A former President of the Nigerian Bar Association (NBA), Olisa Agbakoba, on Thursday questioned the existence of the Economic and Financial Crimes Commission(EFCC), insisting that the commission currently operates outside the constitution.
According to Agbakoba, Section 214 of the constitution of the Federal Republic of Nigeria has not been amended to accommodate other agencies in the fight against crime, which has social, economic, financial and political dimensions.
He explained that Section 214(1) of the constitution (as amended) says: “There shall be a police force for Nigeria, which shall be known as the Nigeria Police Force, and subject to the provisions of this section, no other police force shall be established for the Federation or any part thereof.”
Agbakoba at a press conference held Thursday in Lagos, argued that since the EFCC was a creation of the National Assembly, it does not have the powers to interfere with the activities of state governments. He insisted that the 1999 constitution only provides one Police Force for Nigeria, adding that since the anti-graft agency was not a branch of the Police, it could not perform its functions.
He pointed out that the EFCC was a federal establishment created by the National Assembly, adding that under Section 4 of the 1999 constitution, the powers of government are divided into two: the federal and the state.
“So the question would be, if the EFCC is created by the federal government can it then prosecute state offences?
“The Supreme Court in many of its decisions have held that federalism means two autonomous and independent governments and if that is correct, the EFCC does not have the right to go to the state and examine their accounts.
“Anybody can read section 46 of the EFCC Act and Section 36(12) of the 1999 Constitution. Section 36(12) states that all offences must be defined and when you now read Section 46, you ask yourself if it complies with Section 36(12) because it does not.
“So part of the prayers I would seek in court is that EFCC ought not to exist in the first place because it is not a branch of the police and that the job done by the EFCC is the same one being done by the Police Special Fraud Unit.
“My other prayer would be whether the National Assembly can make laws for the federation and to what extent can the National Assembly which is an arm of the federal government make laws authorising a federal agency to exercise powers as if it were a state agency.
“So all these contradictions should make the presidential candidates tell Nigerians what they are going to do about the Constitution because it is defective,” Agbakoba stated.
The human rights lawyer, however stressed that he was not fighting the anti-graft agency, pointing out that he remains one of the greatest supporters of the rule of law and the fight against corruption.
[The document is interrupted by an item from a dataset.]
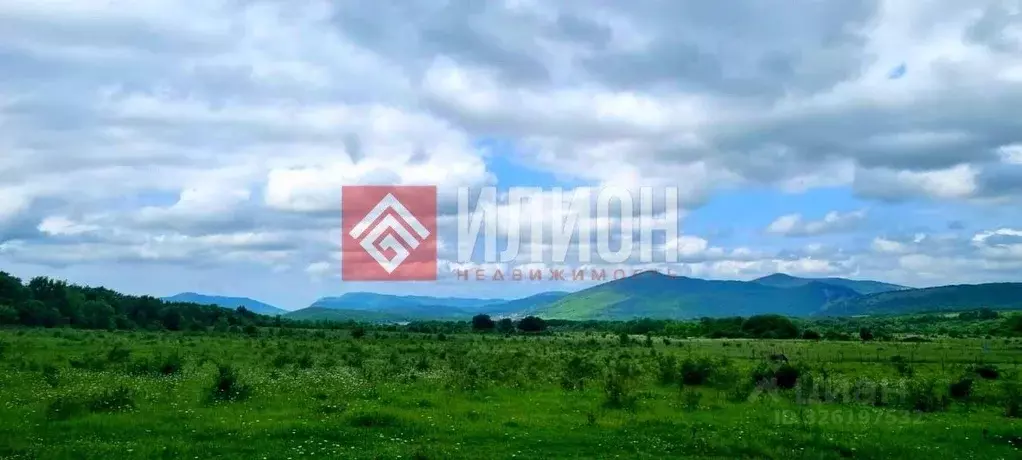 Участок в Севастополь с. Орлиное, ул. Урожайная (170.0 сот.) - Фото 2
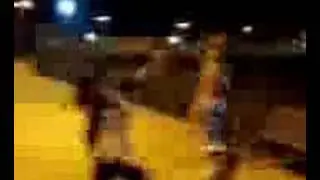 Marta Vs Maria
According to him, the real issue was about the failure of the security agencies to obey the rule of law.
Agbakoba, however, said as a demonstration of his goodwill towards the anti-graft agency, he was ready to engage the EFCC chairman, Abdulrasheed Bawa, in a dialogue session on the issue.
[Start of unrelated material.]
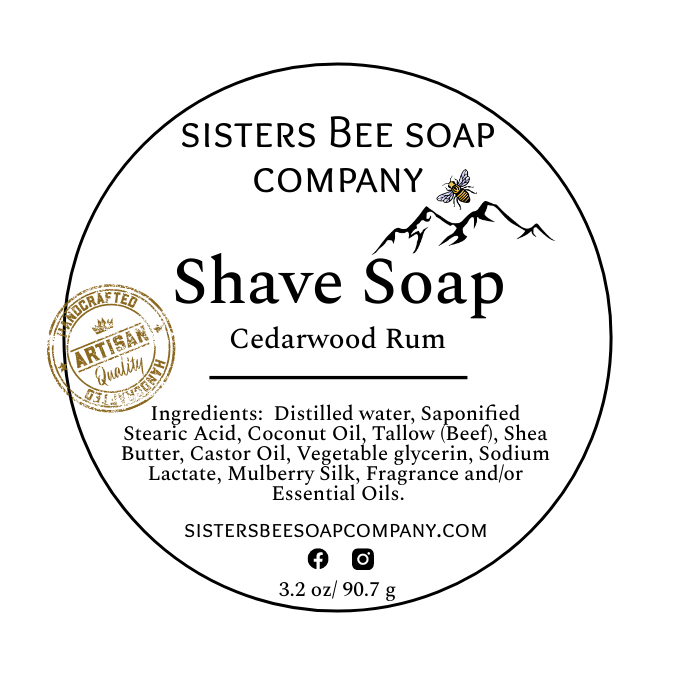 ShavesoapCedarwoodrum.png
The former NBA president said: “I do not believe that the EFCC understands the law that set them up because as a lawyer myself, I was a bit confused, as I discovered that the 1999 Constitution is structurally defective.
“I now understand why some people are saying that the country must be restructured. Whoever wrote this Constitution designed it for Nigeria to fail because, on the one hand, it seems to authorise the EFCC to interfere in state’s affairs while on the other hand, it does not.”
Agbakoba had lambasted the EFCC last December, over its recent actions against the Kogi State Government.